PROBLEM DETAILS
Line by line, the data below should be set down unchanged, with images excluded.

SOURCE RECORDS
<<<<

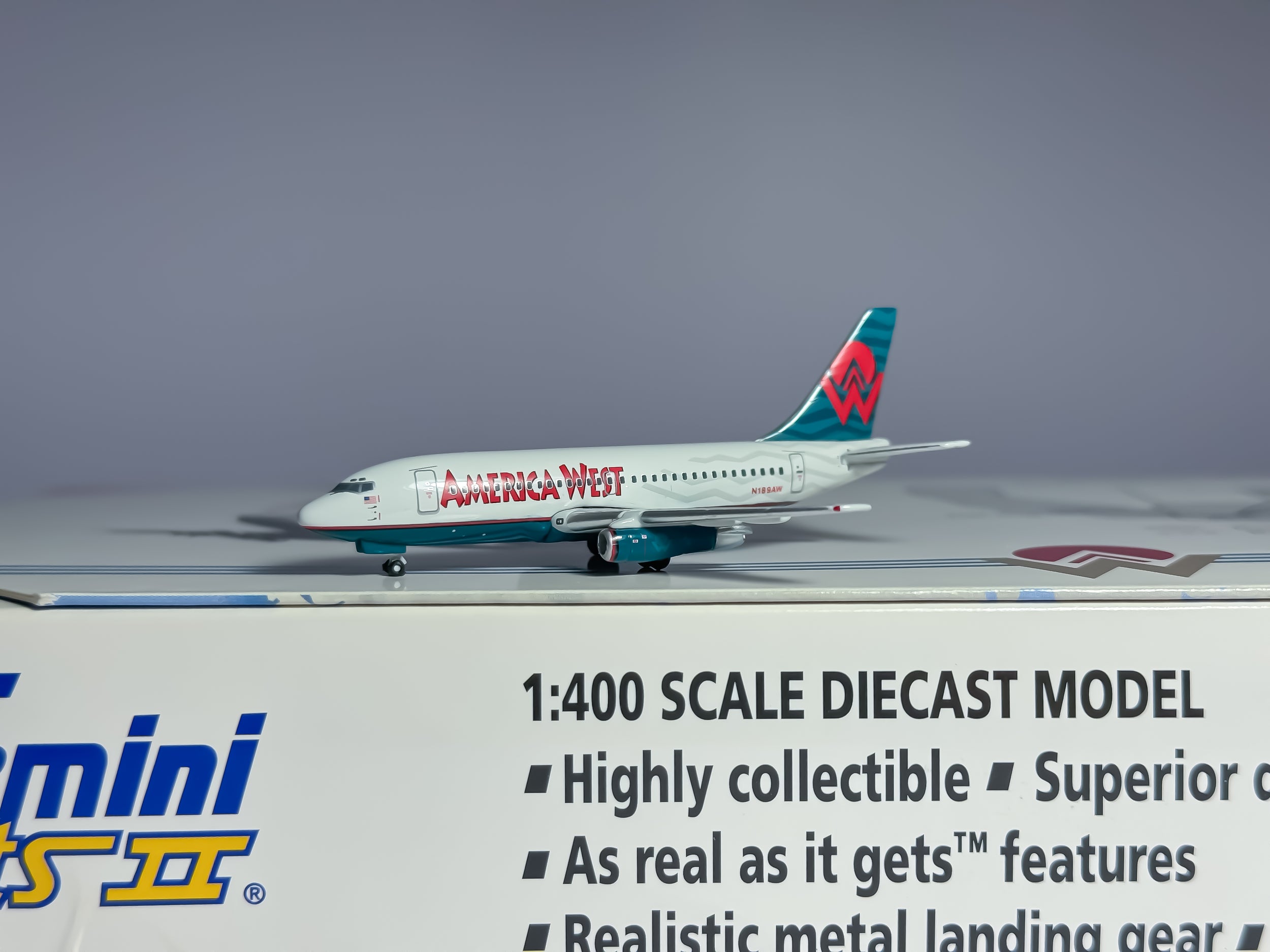 America West Boeing 737-200 1:400 Gemini Jets N126AW & N189AW (GJAWE542)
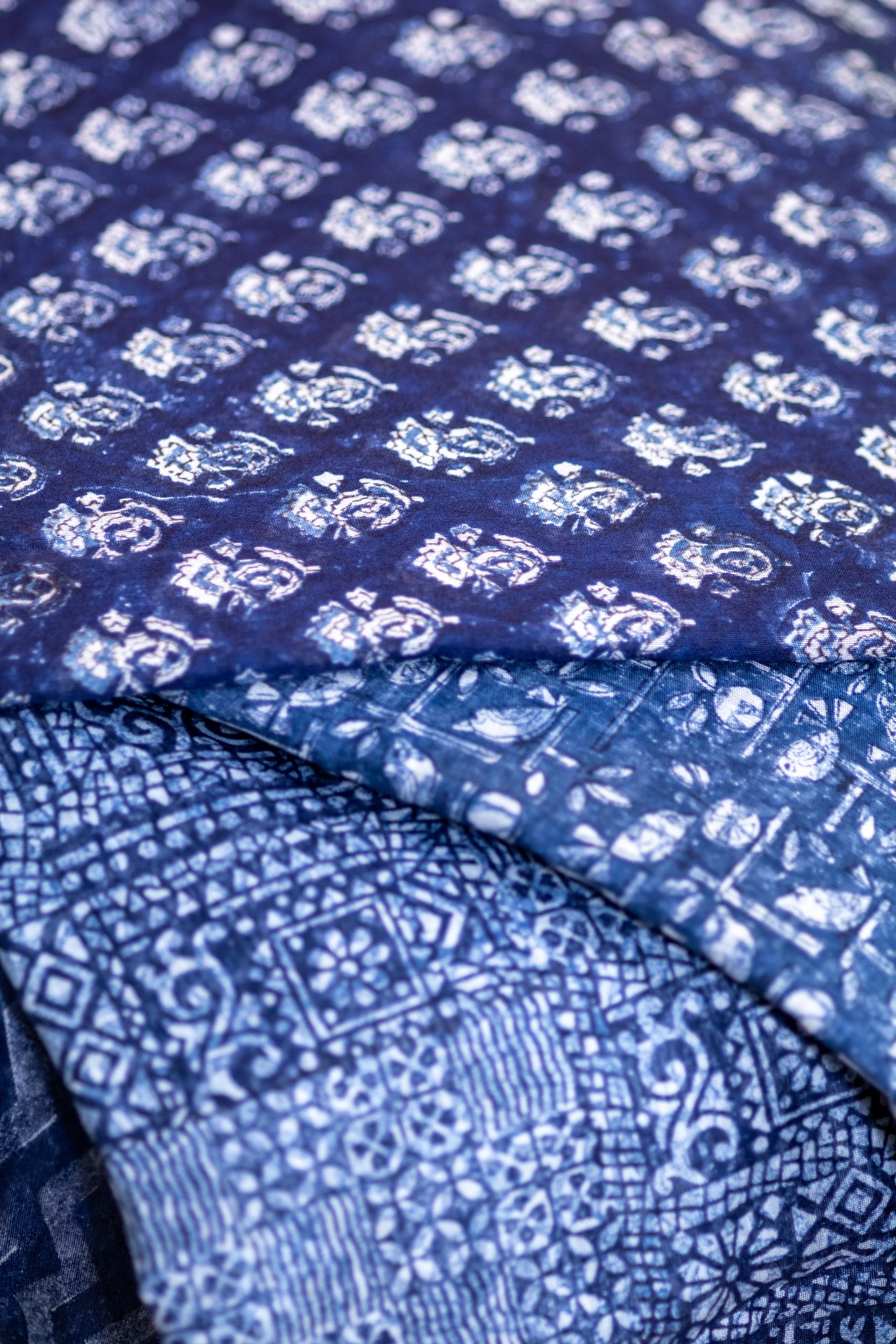 Chanderi Saree with Indigo Print & Antique Banarasi Border - Image 16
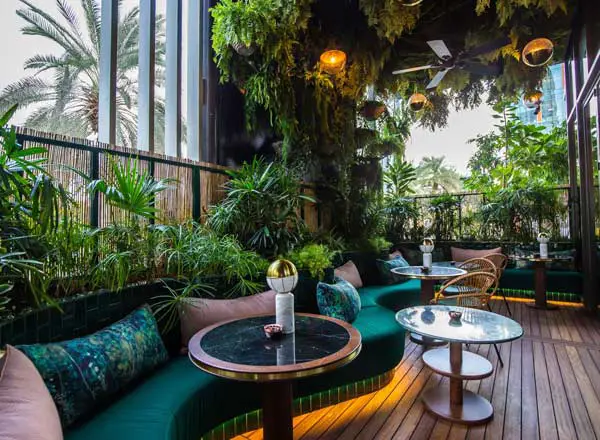 Bar en la azotea Amazónico en Dubái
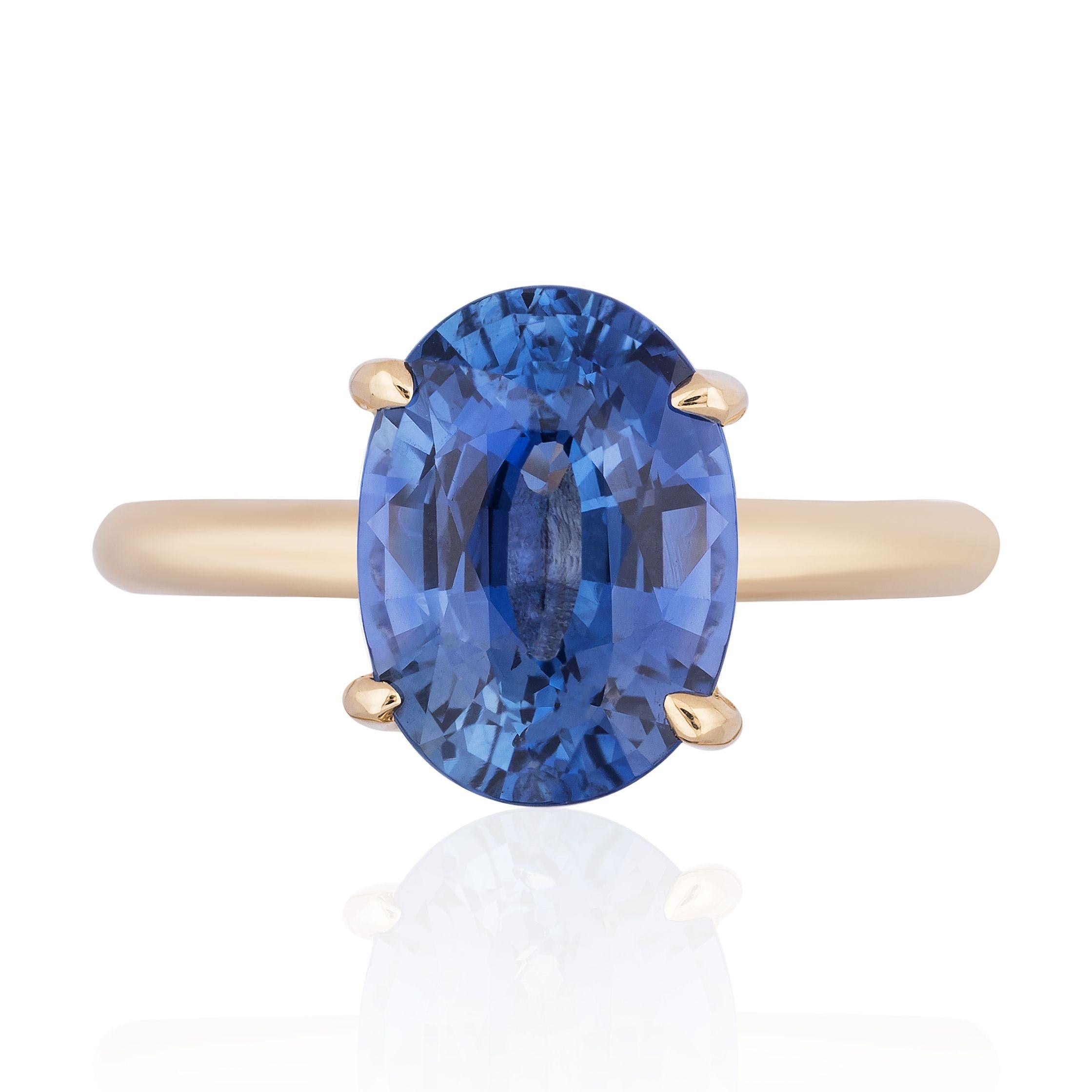 Women's Oval Sapphire Solitaire Ring For Sale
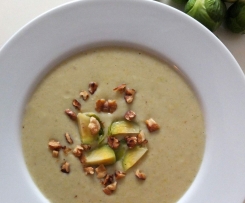 Rosenkohlcremesuppe mit gerösteten Walnüssen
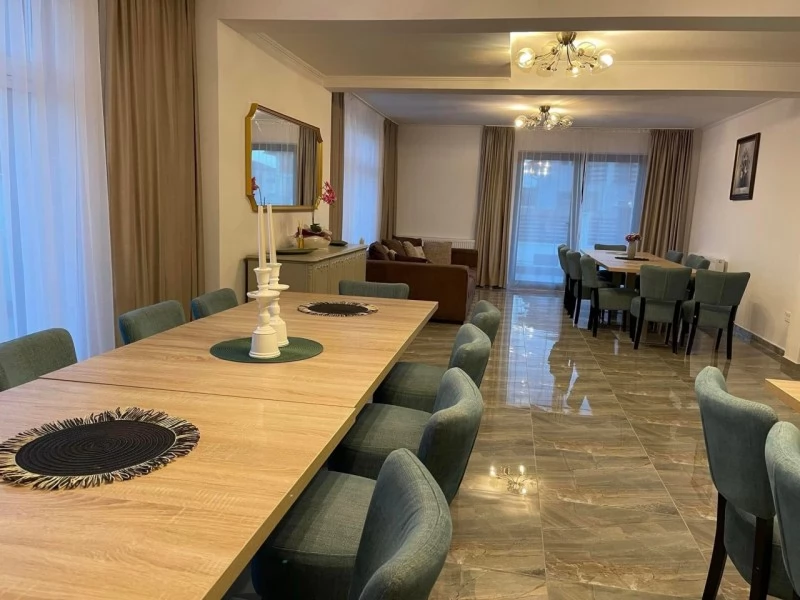 Băile Felix Cazare | Motel (K1417-17) Imaginea poate fi supusă drepturilor de autor. Se recomandă contactarea titularului drepturilor.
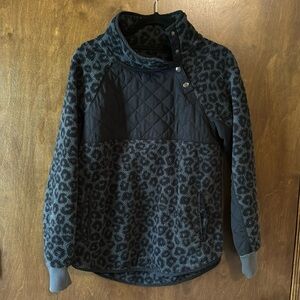Abercrombie & Fitch Asymmetrical button pullover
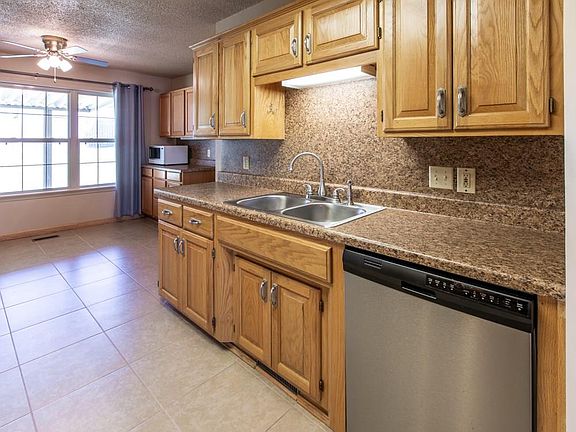 2nd image of 1608 Hunter Hill Dr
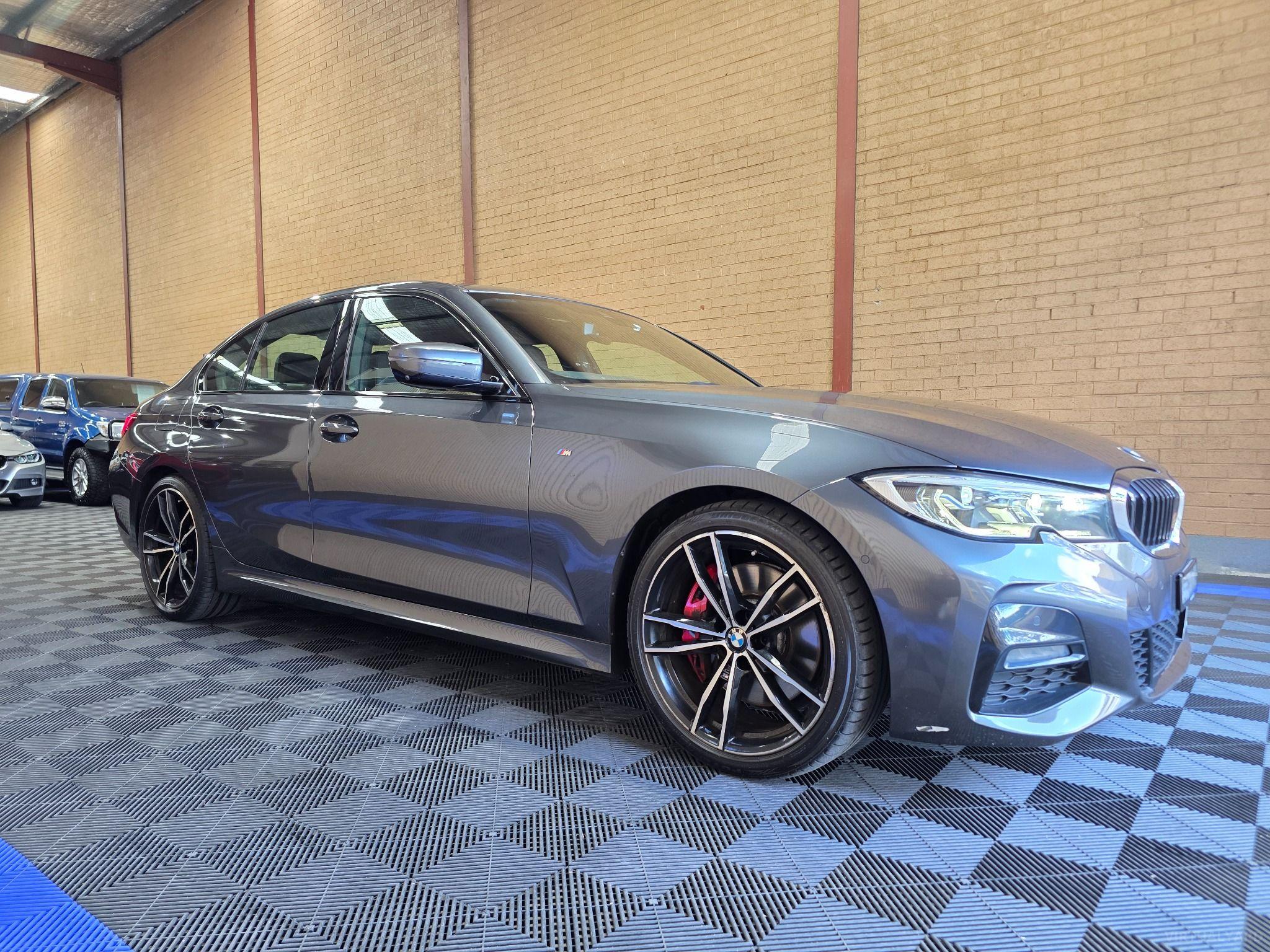 BMW 3 SERIES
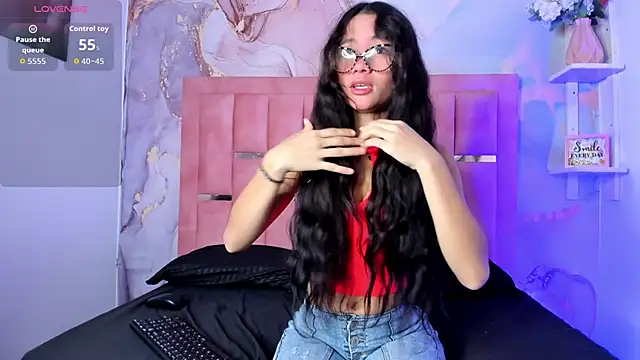 Isis Blaze online show from 18, 3, 2026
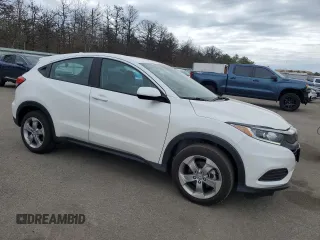 2021 Honda HR-V LX with VIN 3CZRU6H35MM754344, listed as a Copart auction lot 53804925 with 13,570 mi miles and Salvage Title. Bid and sale history available at carsss.com. Image 4.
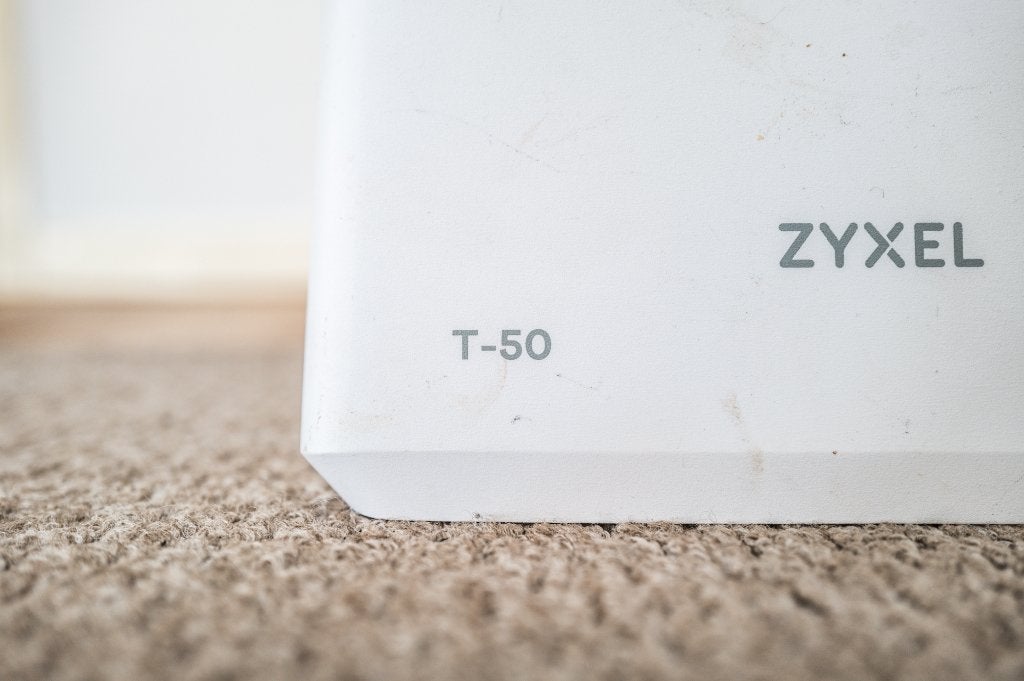 ZyXEL T-50 Router, Ophalen of Verzenden, Gebruikt, Router met modem, ZyXEL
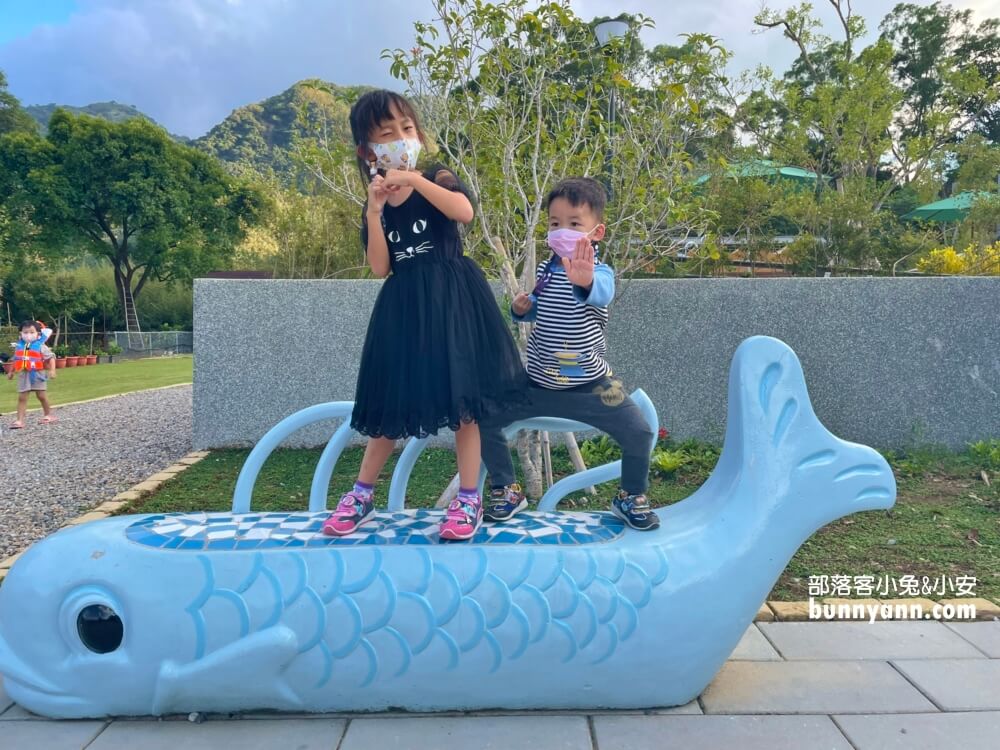 桃園【羅浮溫泉】有露天SPA池和小孩愛的戲水池，泉質真的很棒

>>>>

TASK OUTPUT
 America West Boeing 737-200 1:400 Gemini Jets N126AW & N189AW (GJAWE542)
 Chanderi Saree with Indigo Print & Antique Banarasi Border - Image 16
 Bar en la azotea Amazónico en Dubái
 Women's Oval Sapphire Solitaire Ring For Sale
 Rosenkohlcremesuppe mit gerösteten Walnüssen
 Băile Felix Cazare | Motel (K1417-17) Imaginea poate fi supusă drepturilor de autor. Se recomandă contactarea titularului drepturilor.
Abercrombie & Fitch Asymmetrical button pullover
 2nd image of 1608 Hunter Hill Dr
 BMW 3 SERIES
 Isis Blaze online show from 18, 3, 2026
 2021 Honda HR-V LX with VIN 3CZRU6H35MM754344, listed as a Copart auction lot 53804925 with 13,570 mi miles and Salvage Title. Bid and sale history available at carsss.com. Image 4.
 ZyXEL T-50 Router, Ophalen of Verzenden, Gebruikt, Router met modem, ZyXEL
 桃園【羅浮溫泉】有露天SPA池和小孩愛的戲水池，泉質真的很棒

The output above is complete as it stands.